Le Brosella, c'est deux jours de concerts gratuits. Avec David Linx Porgy et Maria Joao Bess en vedettes.

David Linx partage son bonheur
David Linx : « Maria Joao, c’est ma sœur » © Carlos Ramos
jazz
ENTRETIEN
Nous nous rencontrons au restaurant Variétés, derrière Flagey. David Linx est en pleine forme. Il s'offre un verre de vin. Pour une fois. Il est bavard, prolixe même, ce qui n'est pas son habitude. Il a envie de partager son bonheur. De chanterPorgy & Bess avec Maria Joao et le Brussels Jazz Orchestra, d'avoir enregistré ce beau disque chez Naïve, d'être avec Maria et le BJO sur la scène du Brosella ce dimanche 15 juillet, à 15 h. Puis, plus tard, à Dinant. Plusieurs fois il me demande si mon enregistreur fonctionne bien. Je le rassure. Alain Chamfort passe. Ils s'embrassent. Ils produisent un album ensemble, où 20 actrices chantent les 20 arrondissements de Paris.
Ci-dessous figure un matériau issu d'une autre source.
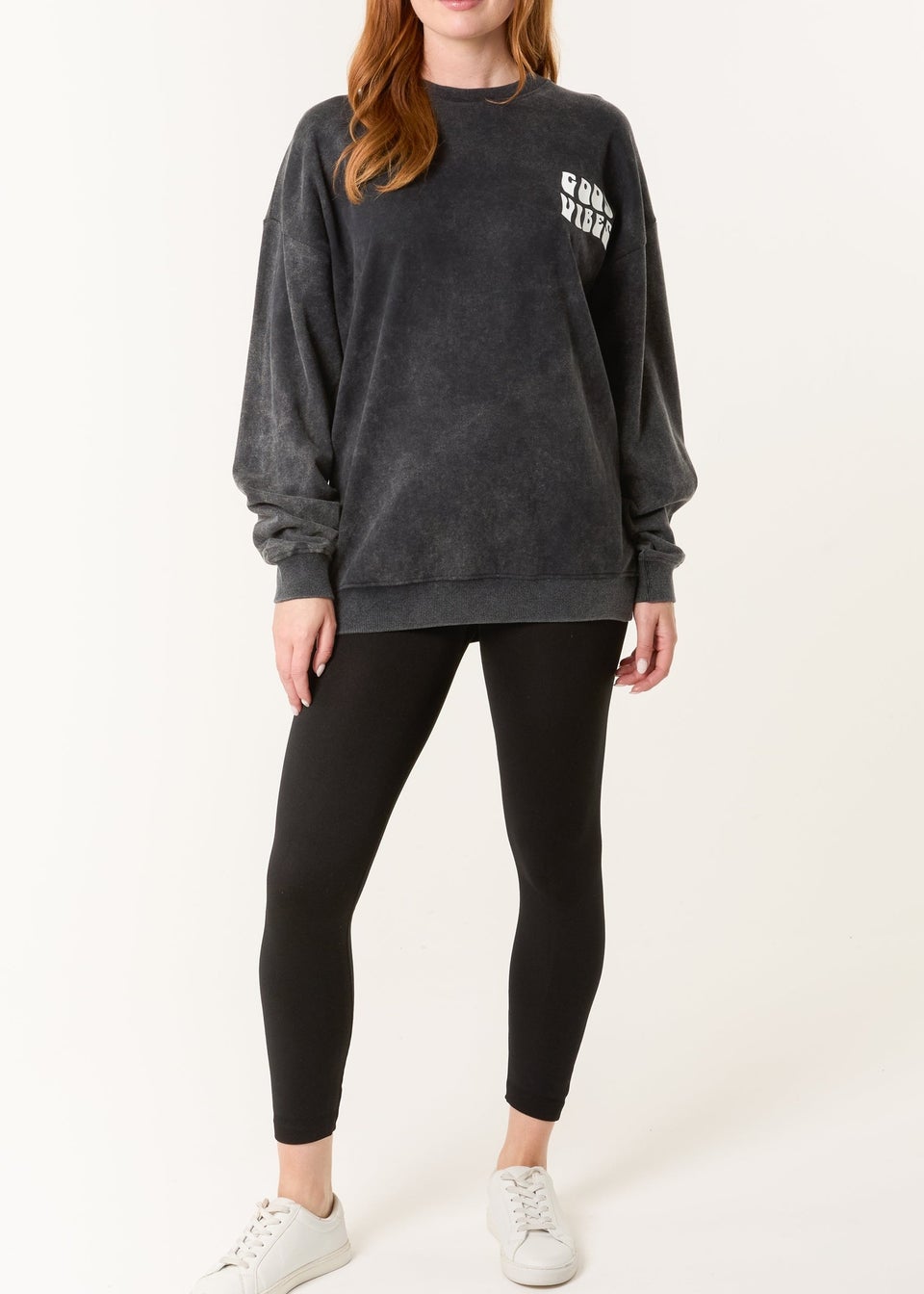 Blue Vanilla Grey Good Vibes Sweatshirt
S'attaquer à « Porgy & Bess », de Gershwin, c'était un désir ?
C'est un rêve depuis que je suis tout petit. Quand j'ai eu mon premier prix de percussion, j'ai joué l'ouverture de Porgy & Bess au xylophone. (Il fredonne). Je connaissais cette œuvre. Vous savez qu'elle est extrêmement raciste. Elle met en scène des Noirs qui parlent dans un petit-nègre qui n'existe pas. Je l'avais déjà chantée avec Paolo Fresu en Italie et j'avais déjà mis les paroles anglaises à jour. Des musicologues étaient choqués : comment ose-t-on dénaturer cet opéra et manquer de respect envers les Noirs ? Mais non, au contraire. Parce que cet opéra, c'est comme si un Sénégalais écrivait sur les Blancs et donnait l'accent marseillais à tout le monde.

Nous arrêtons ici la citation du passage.